--- WHAT THE TASK ASKS ---
Each line in the material below, starting at the one that contains "Einrichtungsbeispiele für die" and ending at the one that contains "Butterfly Blue", should be repeated exactly; the pictures should not.

--- DATA SUPPLIED ---
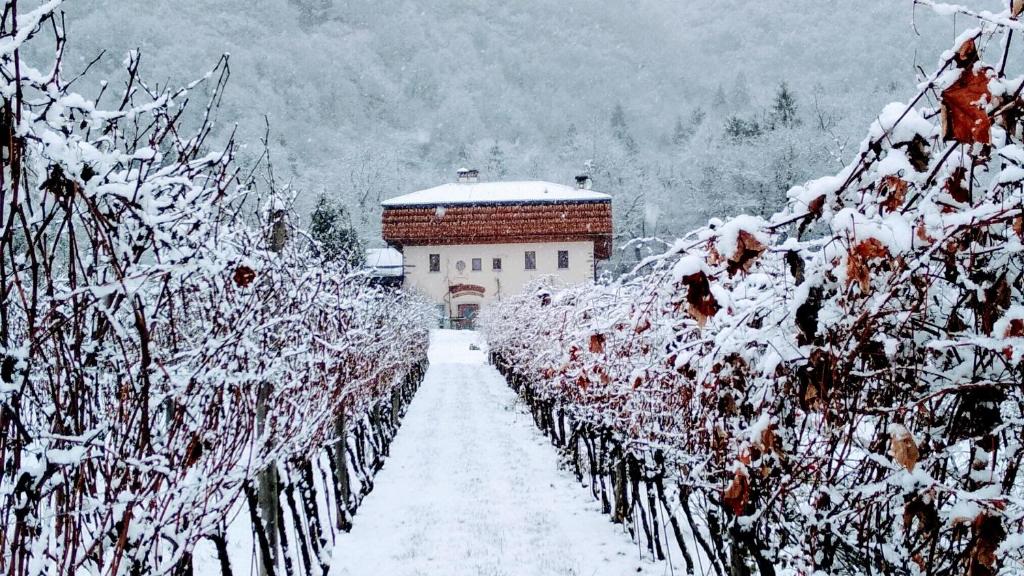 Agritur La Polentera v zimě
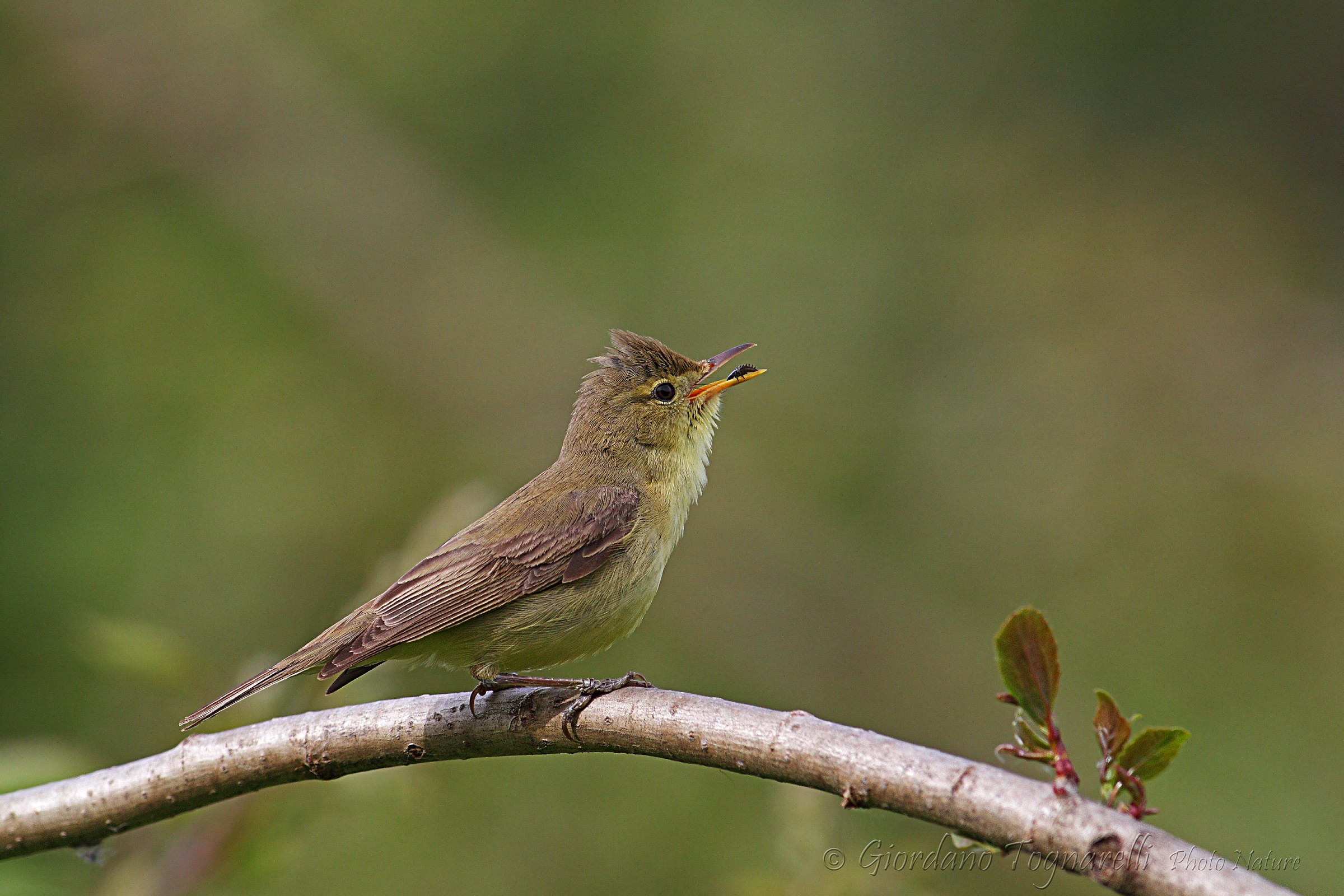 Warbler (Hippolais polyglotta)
--
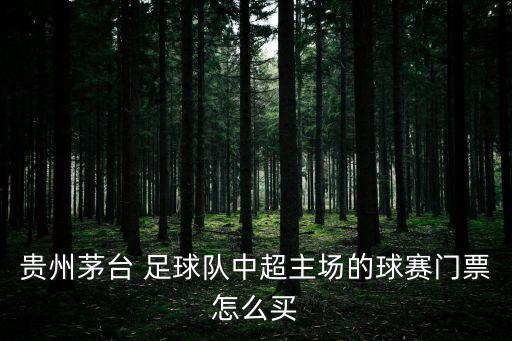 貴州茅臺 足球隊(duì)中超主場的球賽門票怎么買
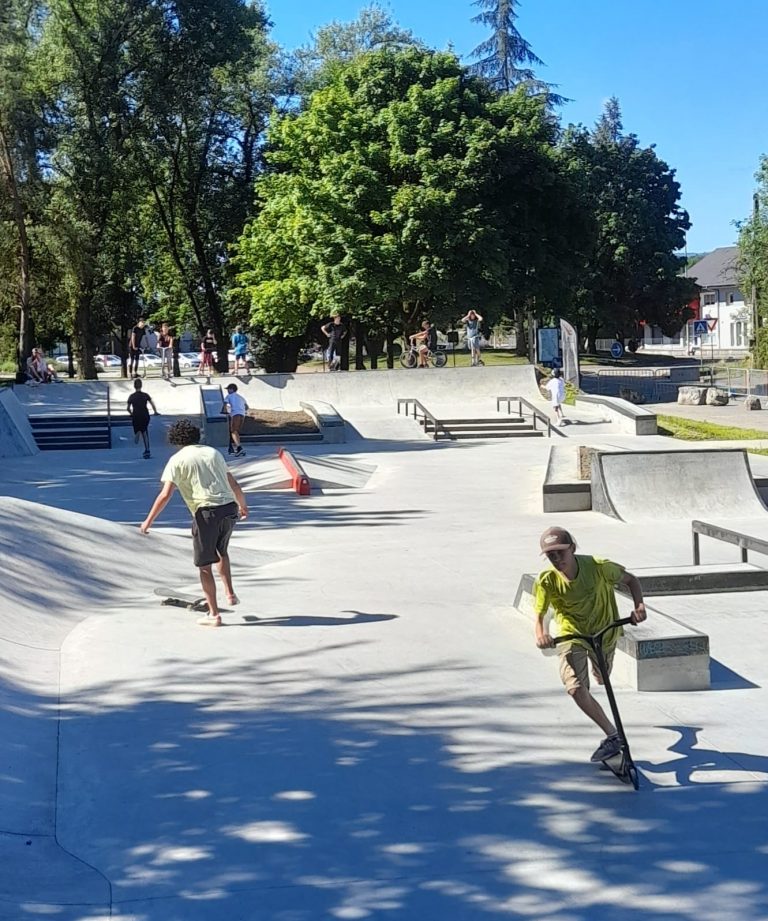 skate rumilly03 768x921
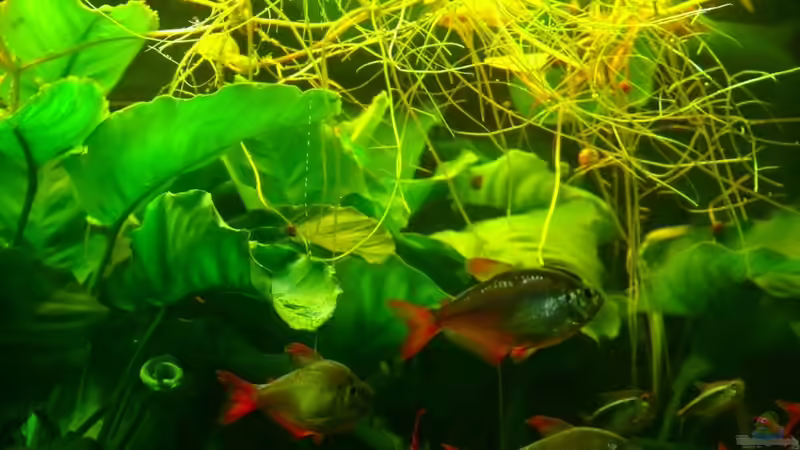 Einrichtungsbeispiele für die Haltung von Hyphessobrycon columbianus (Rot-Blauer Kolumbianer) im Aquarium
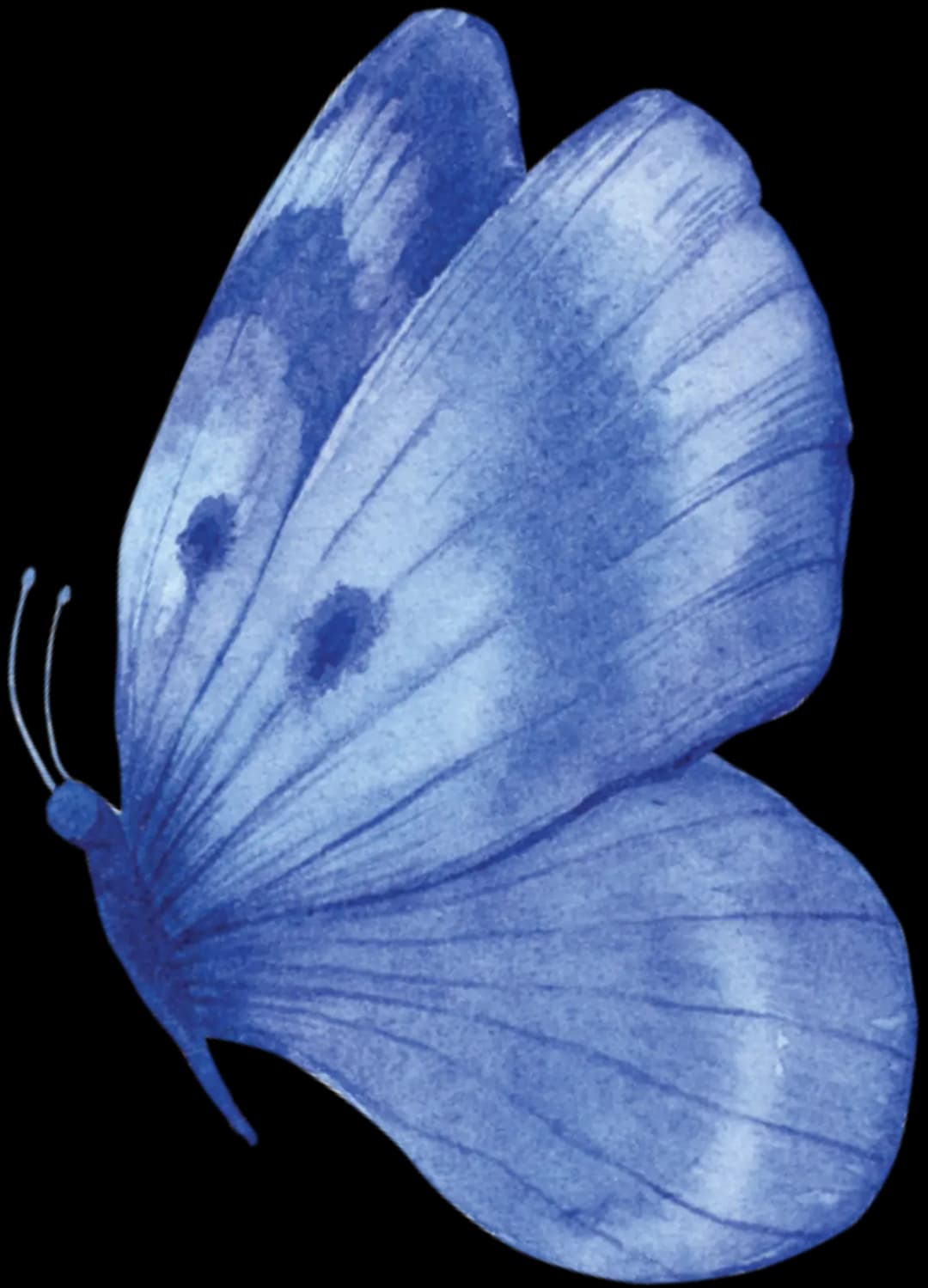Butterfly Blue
...
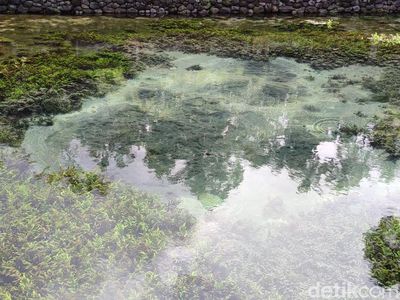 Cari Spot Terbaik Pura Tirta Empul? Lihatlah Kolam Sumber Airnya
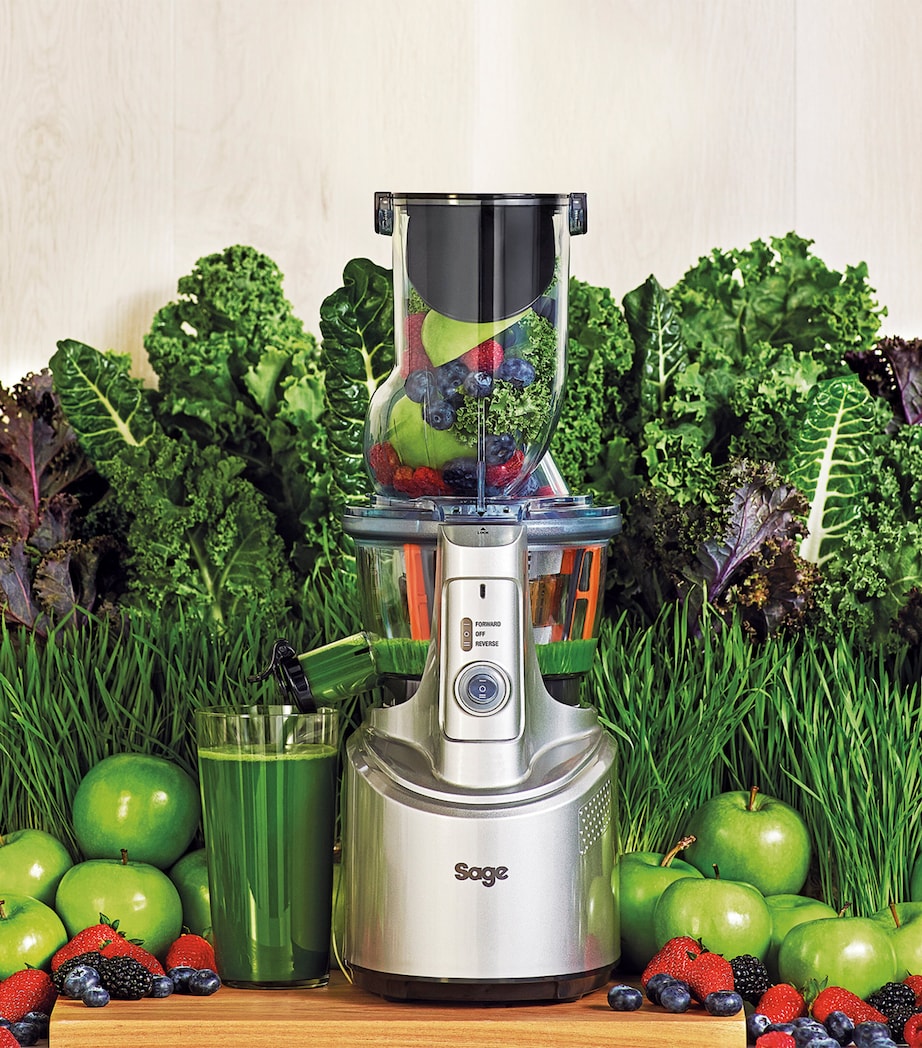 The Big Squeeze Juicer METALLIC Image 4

--- TASK RESPONSE ---
 Einrichtungsbeispiele für die Haltung von Hyphessobrycon columbianus (Rot-Blauer Kolumbianer) im Aquarium
Butterfly Blue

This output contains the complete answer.